Which leads me to the concept of socialization. One first learns to share (or not) in the family. To be kind (or not). To be treated fairly (or not). To tell the truth (or not). All the things society relies on to function start with the family. But even the best families have those members who primarily provide examples of what not to do (to put it politely). Every family is like this, and every parent faces how to deal with the situation. It is a truly universal experience. Your children must be introduced to the larger family they have literally inherited.

Maw-Maw is a drunk. Uncle Ernie does drugs. Cousin George has a gambling problem. Auntie cheats on her husband. And so it goes.

What do the parents tell the six-year old?
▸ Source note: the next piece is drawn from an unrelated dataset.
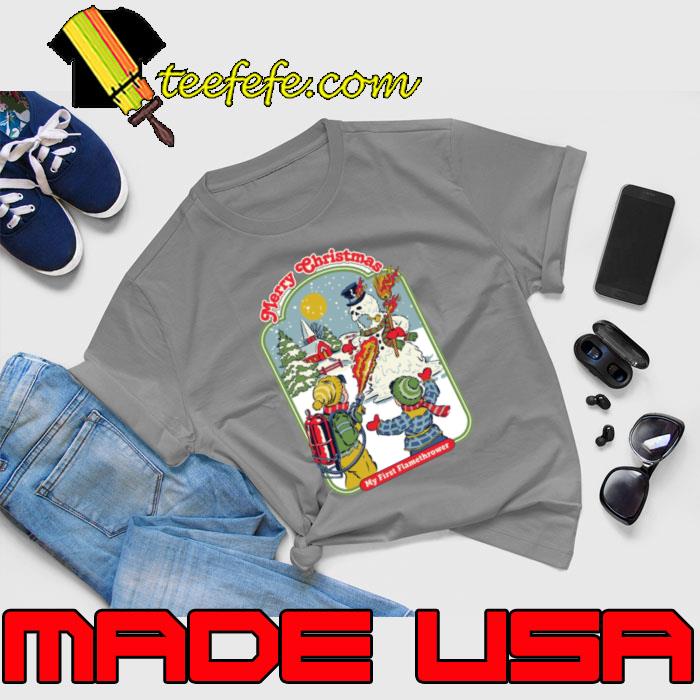 Merry Christmas my first flamethrower s Unisex Merry Christmas my first flamethrower s Unisex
“Maw-Maw didn’t mean to swear like that, she just wasn’t feeling well.” “Don’t accept any brownies from Uncle Ernie.” “If cousin George asks about how much money we have, come get me.” “Auntie and her husband are having an argument.” All of which are at least partially true, but are not in fact the whole story.

As that child matures, the level of honesty expands commensurate with that maturity. “Maw-Maw sure likes her beer.” “Uncle Ernie isn’t weird, he’s just stoned.””No, you can’t give George your baby-sitting money to buy lottery tickets, and call him ‘Cousin George’.” “Auntie did something that really hurt her husband’s feelings.”
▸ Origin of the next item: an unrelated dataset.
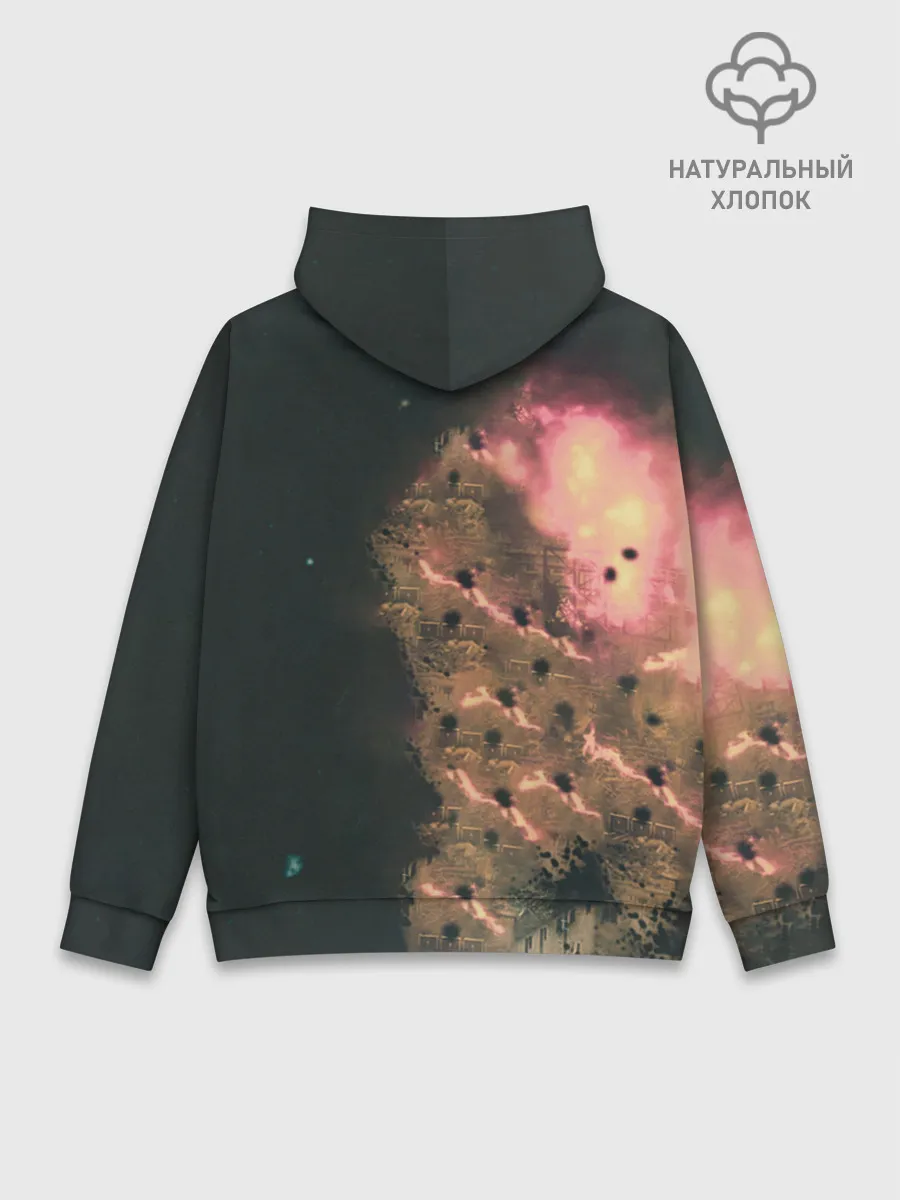 Худи мужской база хлопок / Моя банда Раст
Eventually the discussion becomes something more like: “Maw-Maw died so young because she was an alcoholic and couldn’t stop.” “Uncle Ernie never learned how to control himself, and that’s why he always shows up high.””George always has another get-rich quick scheme, and they always end the same way.””Remember all those fights Auntie and her husband had? Well . . .”
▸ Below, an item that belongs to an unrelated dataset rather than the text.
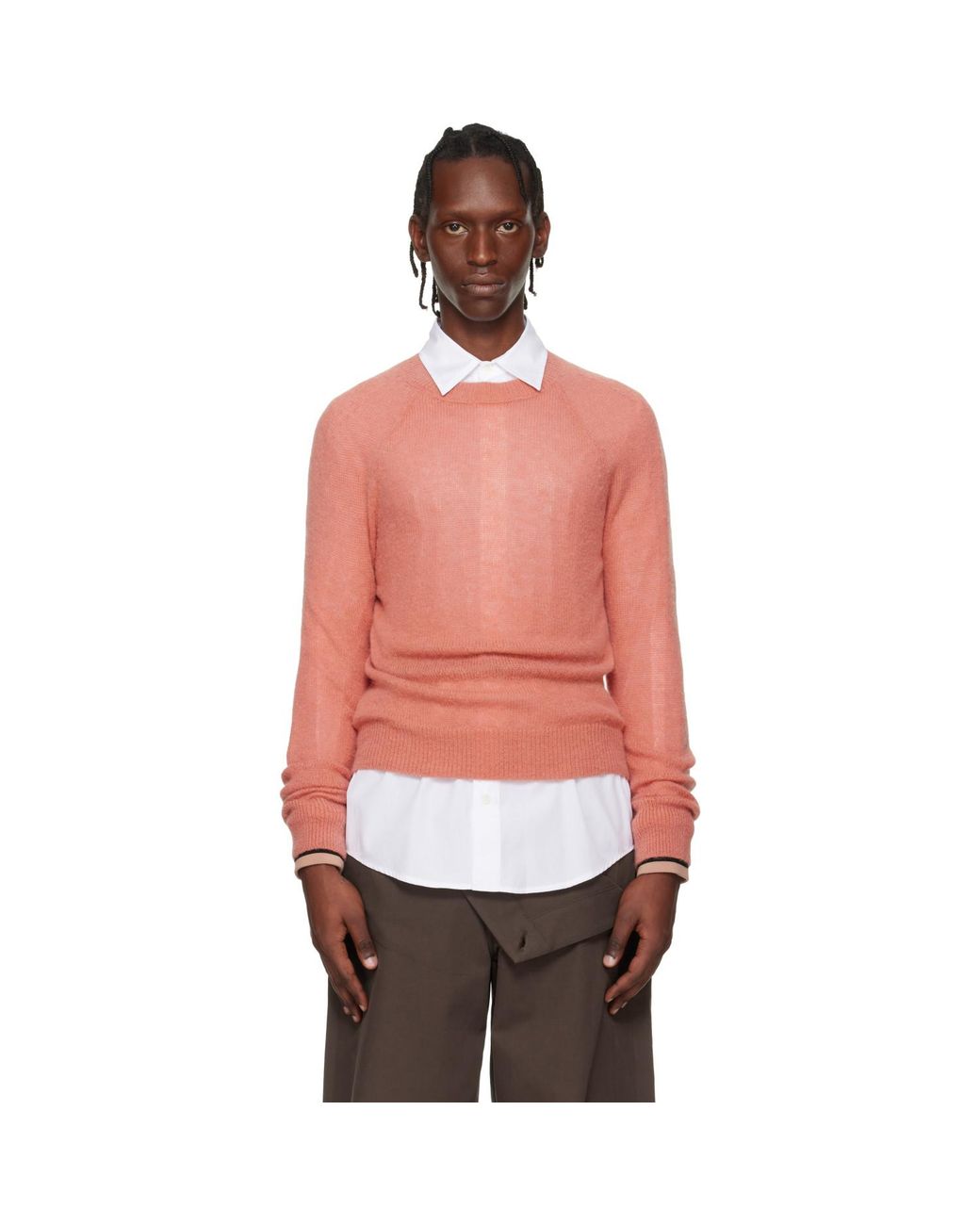 Dries Van Noten Multicolor Alpaca Sweater for men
Why are the parents “economical with the truth?” Because for all the problems noted, they view the family as a good thing, a thing worth cherishing and sustaining. If they didn’t view it that way, they wouldn’t keep participating in it in the first place. Eventually we have to be more brutually honest, but that comes when we are mature enough to have those conversations.

Which is how we should also learn about our nation. Do you believe America is a worthwhile thing? Is it a force for good? Separate your immediate emotions (some suggested they would not celebrate independence this year): in total, across time, is the world better off for the fact of America, or not.

If the answer is “no,” really? Take a deep breath and listen to reason. If the answer is “yes,” continue.

How do we socialize our chidren about America, if we value it? We start with what’s good, what’s unique, what’s best. Why? First, because those things are true. They might not be the complete truth, but they are still true. As the children mature, we bring in more nuanced concepts. Yes, some of the Founders were slave-owners. Yes, segregation persisted well into modern times. True, women only achieved the right to vote in the last hundred years. But there is a time and place to introduce such concepts.

I disagree strongly with those who claim even mentioning such things is unpatriotic. I also disclaim those who suggest America is fundamentally flawed, systemically racist or a morally neutral force at best. Both these positions are wrong, and must be avoided.

To those who say “no one is bringing these concepts into the early childhood educational system” (say primary school): you’re wrong. The New York Times and Washington Post used to include a disclaimer that Critical Race Theory (CRT) is ‘an advanced academic concept introduced mainly at the university-level and not taught in primary education.’ They have changed that to say ‘it sometimes influences curriculum at those levels.’ Why the change? I spent a few hours one afternoon researching local news stories and found one example after another of CRT being used as early as pre-school classes. You cannot tell a child the nation is fundamentally racist and expect them to think later it is worthy of their respect, let alone their love. It gets the maturity learning model exactly backwards.

Start with the good. There’s plenty of it. Later introduce the neutral points; much to cover here, too. Finally,discuss the bad, especially those things which still linger today. All three need to be covered, but when and how are critically important.

That is, if you care about America more than scoring a meme point. Hope you had a happy Fourth of July!